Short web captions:
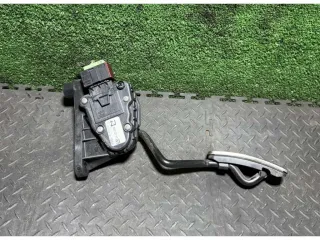 24427006 Педаль газа Opel Astra H Арт 57438, вид 3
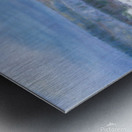 Granville Ferry Metal print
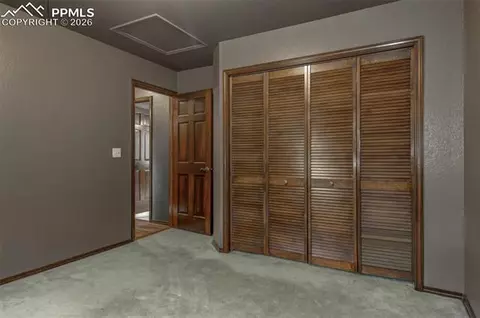 255 Jack Boot Way, Monument, CO 80132 photo 23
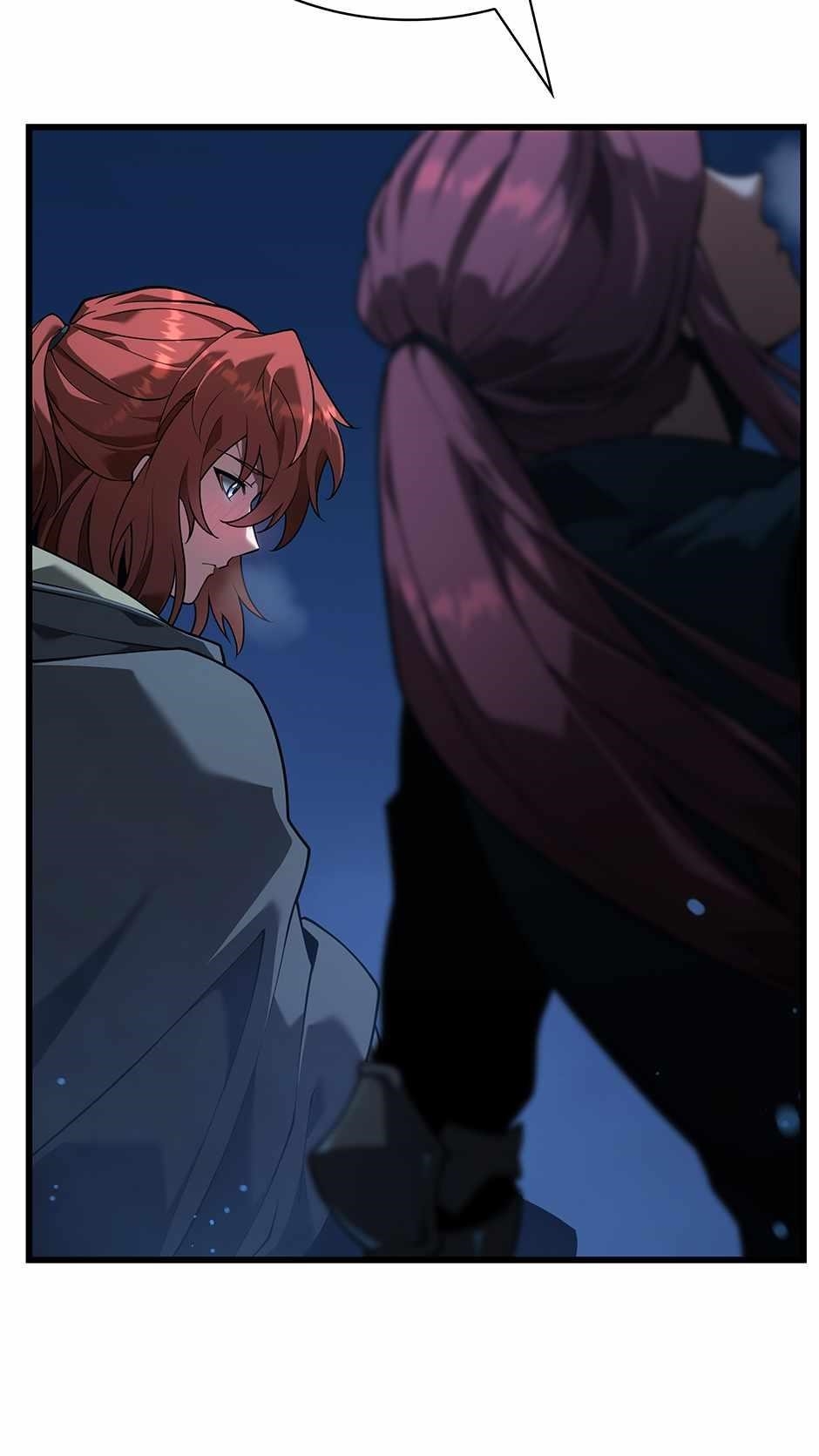 Chapter 188 Image(35)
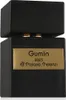 Tiziana Terenzi Extrait de Parfum Anniversary Collection Podgląd zdjęcia produktu 5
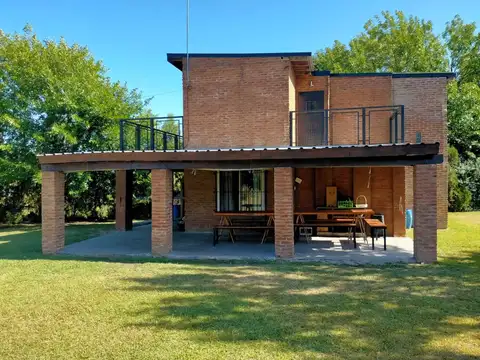 Quinta en Venta en Loma Verde, Partido de Escobar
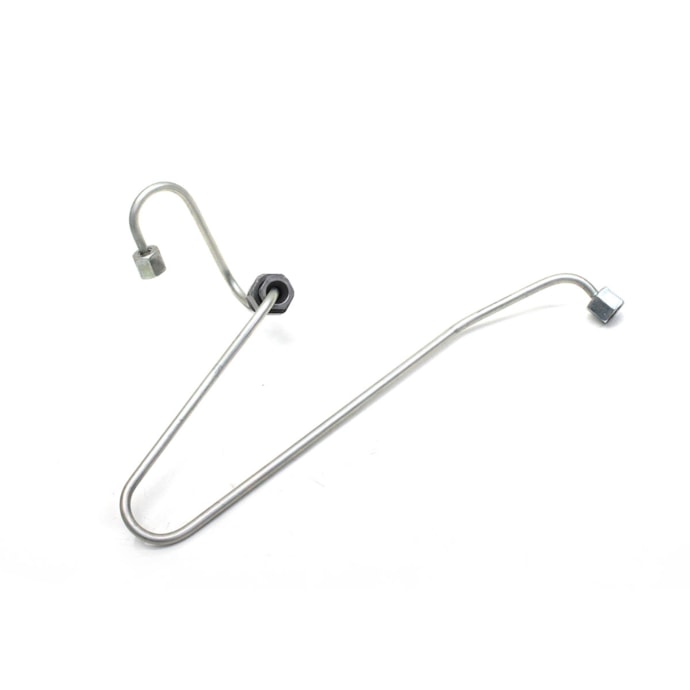 RIGITEC | A3660703433 | TUBO/CANO BICO INJETOR 3 CILINDRO MB MOTOR OM366/OM366A-248a9fa7-3cf0-4e2b-9ee9-fb7cb2bf22e0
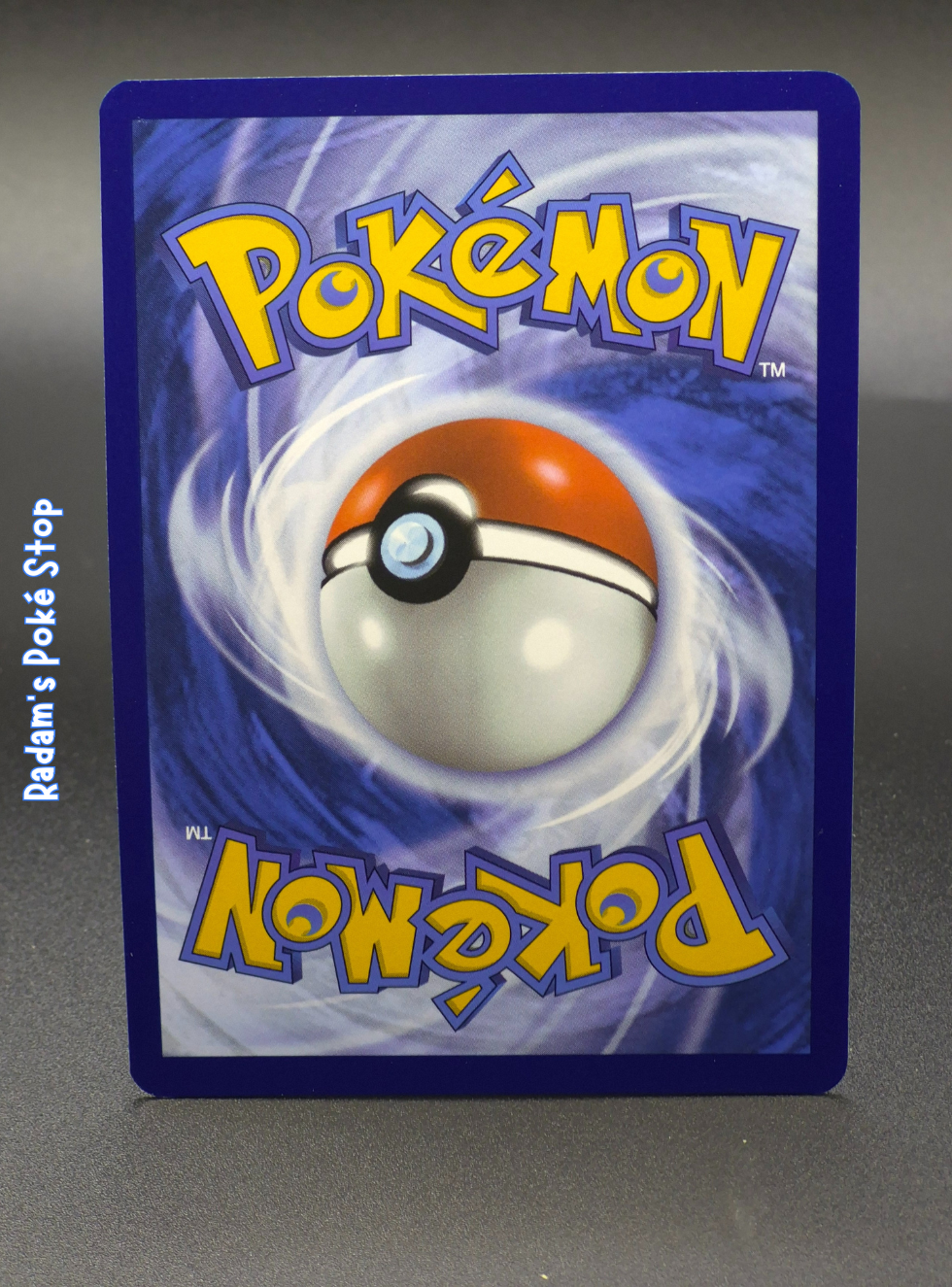 Promo SVP159 PC Magneton (2).png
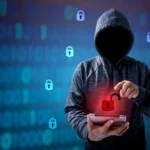 How Cybercriminals Plan the Attacks How Cybercriminals Plan Attacks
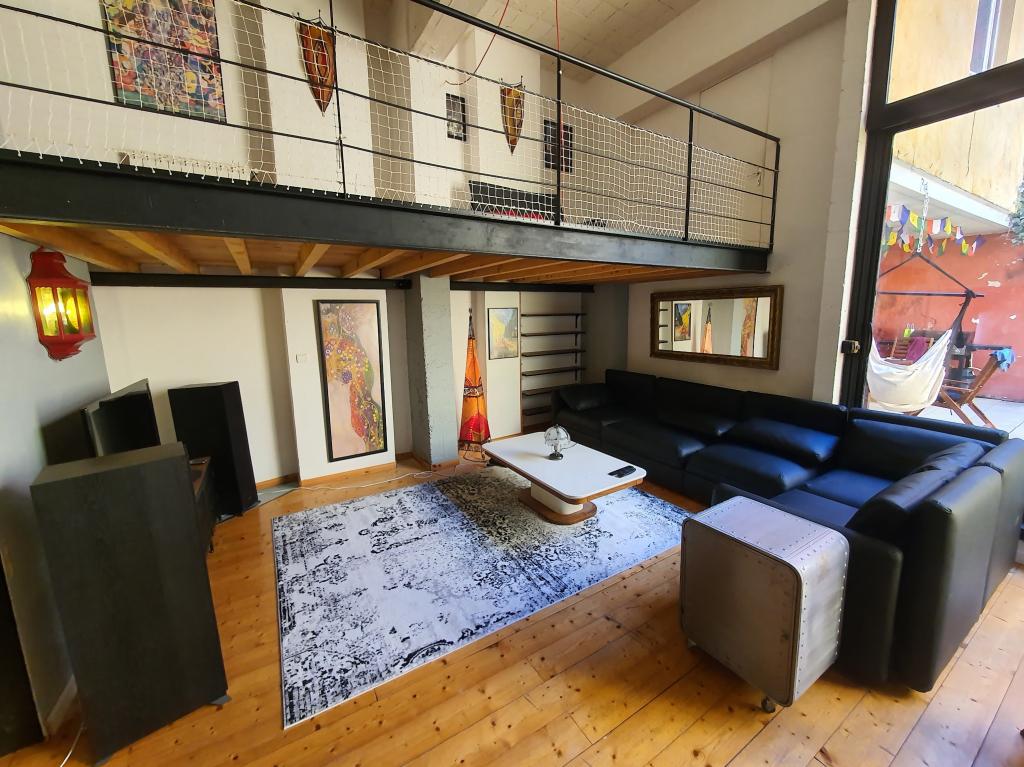 Location chambre Montpellier - Photo 4
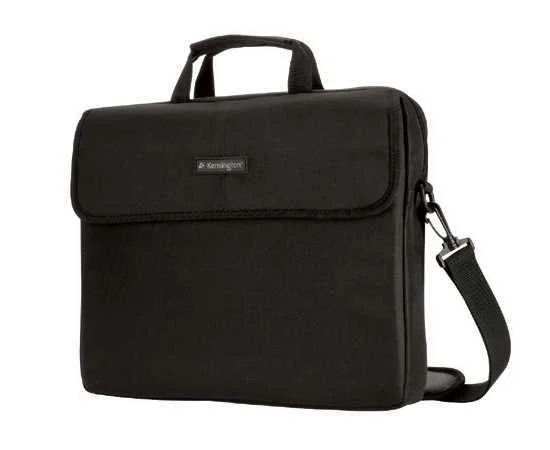 Kensington Capa para Port&aacute;til Sp17 Cl&aacute;ssica - 17".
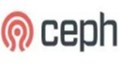 分布式存储系统之Ceph集群CephX认证和授权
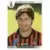 Cyril Rool - OGC Nice Cote d'Azur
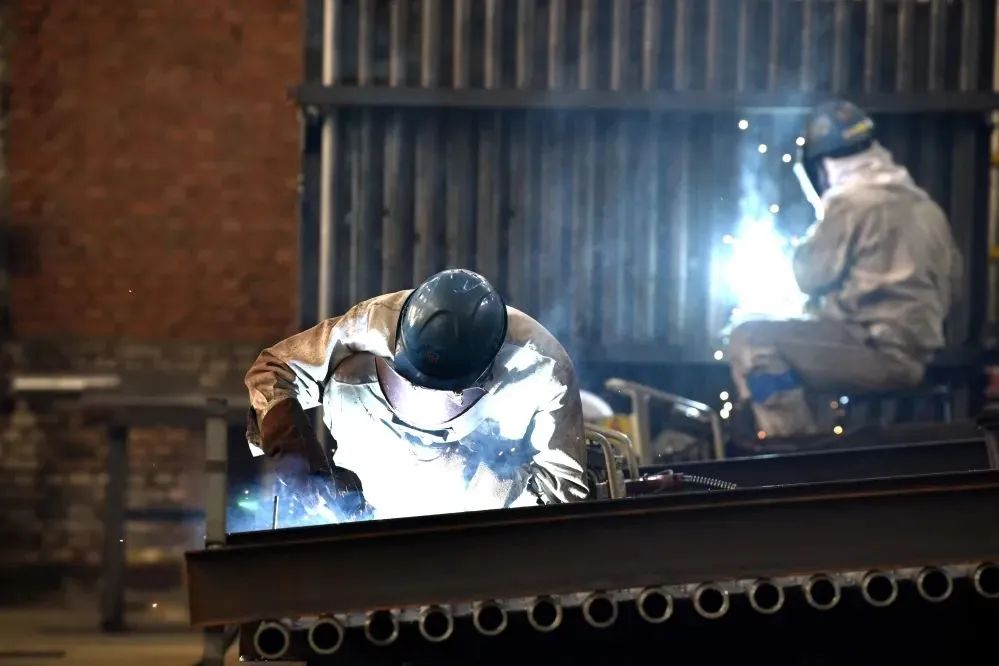 尊龙凯时人生就是搏·Z6(中国区)官方网站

▶ _Required work_
Set down, word for word, only the lines running from the line with "Granville Ferry Metal print" through the final line of the entries above, omitting all pictures.

▶ _Exercise solution_
 Granville Ferry Metal print
 255 Jack Boot Way, Monument, CO 80132 photo 23
 Chapter 188 Image(35)
 Tiziana Terenzi Extrait de Parfum Anniversary Collection Podgląd zdjęcia produktu 5
 Quinta en Venta en Loma Verde, Partido de Escobar
 RIGITEC | A3660703433 | TUBO/CANO BICO INJETOR 3 CILINDRO MB MOTOR OM366/OM366A-248a9fa7-3cf0-4e2b-9ee9-fb7cb2bf22e0
 Promo SVP159 PC Magneton (2).png
 How Cybercriminals Plan the Attacks How Cybercriminals Plan Attacks
 Location chambre Montpellier - Photo 4
 Kensington Capa para Port&aacute;til Sp17 Cl&aacute;ssica - 17".
 分布式存储系统之Ceph集群CephX认证和授权
 Cyril Rool - OGC Nice Cote d'Azur
 尊龙凯时人生就是搏·Z6(中国区)官方网站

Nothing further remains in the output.